The 700 Club with Pat Robertson


Miracle at St. Anna

By David Kithcart
The 700 Club

CBN.comDAVID KITHCART (reporting): James McBride is an award-winning writer. His memoir, The Color of Water, the story of his mother’s life, sold over1.5 million copies and was on the New York Times bestseller list for more than two years.

McBride was a staff writer for The Washington Post, People magazine, and The Boston Globe. James has written scores for several musicals and songs for Anita baker, Grover Washington Jr., and even the PBS television character "Barney."

So, what does a best selling author and jazz musician do for an encore? He writes a book about miracles.

DAVID KITHCART: Your first book, The Color of Water, was non-fiction. What made you get into the realm of a fictional account of real events?

JAMES McBRIDE: Fiction makes your dreams come true, and, as a writer, fiction allows you to delve into the area of miracles.

DAVID KITHCART (reporting): James Mcbride’s latest book, Miracle at St. Anna, tells the story of the African-American soldiers in the segregated, all black 92nd Infantry while stationed in World War II Italy. They carried the name "buffalo soldiers" from the Old West when blacks served in the United States Cavalry.

DAVID KITHCART: Tell me how the whole idea for this book came about.
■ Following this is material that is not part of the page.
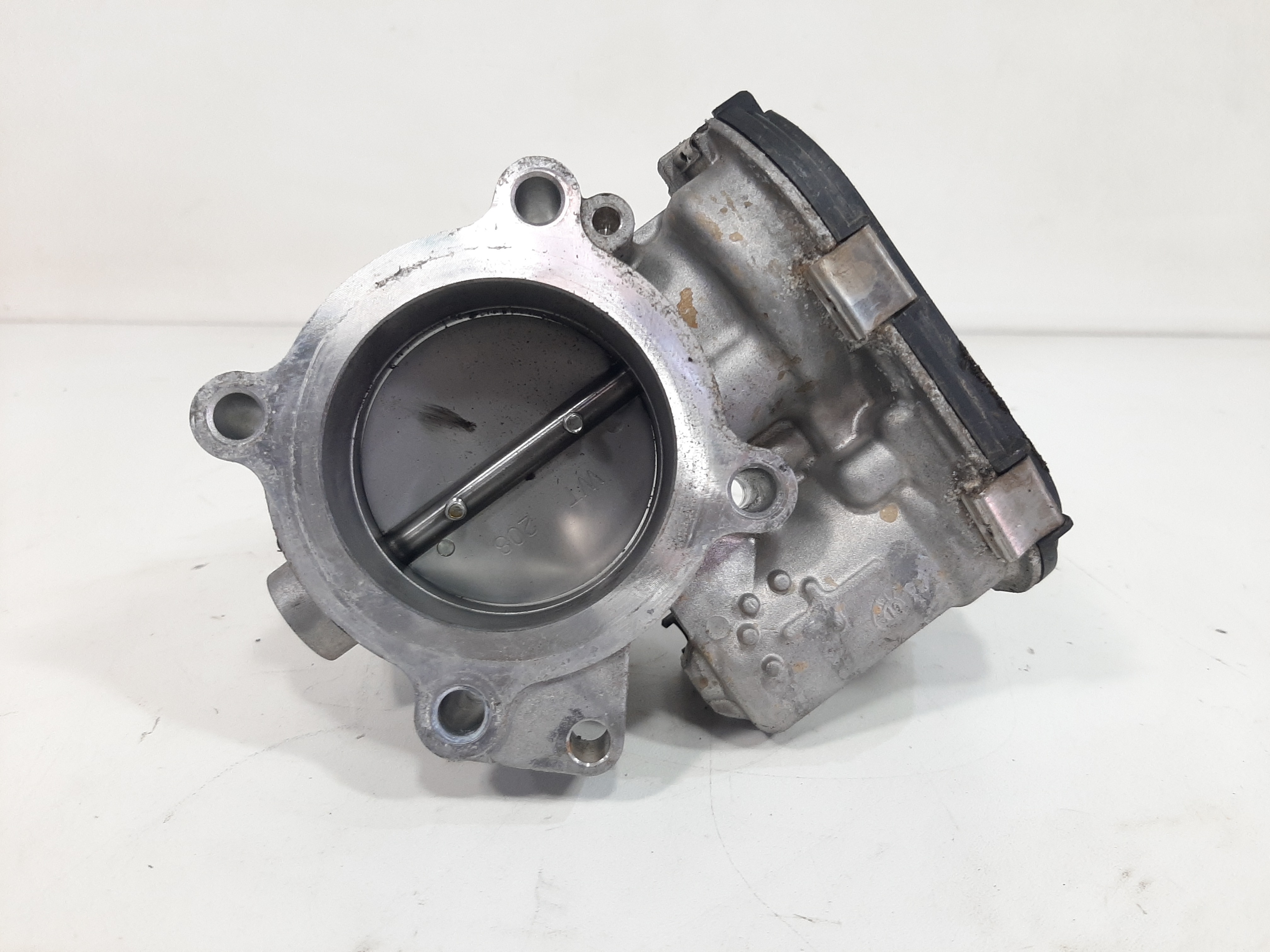 Tbi Corpo Borboleta Chery Tiggo 5x Arrizo 1.5 T 2019 A 2022 6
JAMES McBRIDE: When I was about 10 years old, my Uncle Henry used to sit in my father’s parlor and tell yarns about the war in Italy and how the Italians loved the Negro. When I got older, I became interested in what he was talking about. This was long after he’d passed away.

I went to the library and got a couple of books out and read about this invisible division, basically, of black soldiers who served under white commanders in Italy during World War II. I found a few and I started to interview them. I read a few more books, and I decided that there was a book there.

I studied Italian first, my wife and I, and then we moved to Italy and I studied the war from the perspective of the Italians, which was fascinating. Italy was in a civil war. People remember it was the Partisans vs. the Fascists and so forth, and the memories are still there.

I had to really wait before the book came. It was one of those things where every time I sat down to write, I was waiting for God to come into the room. He took His time this time, took a couple years actually. (laughs) Writing a novel is like you’re really walking blind. There’s a lot of faith involved.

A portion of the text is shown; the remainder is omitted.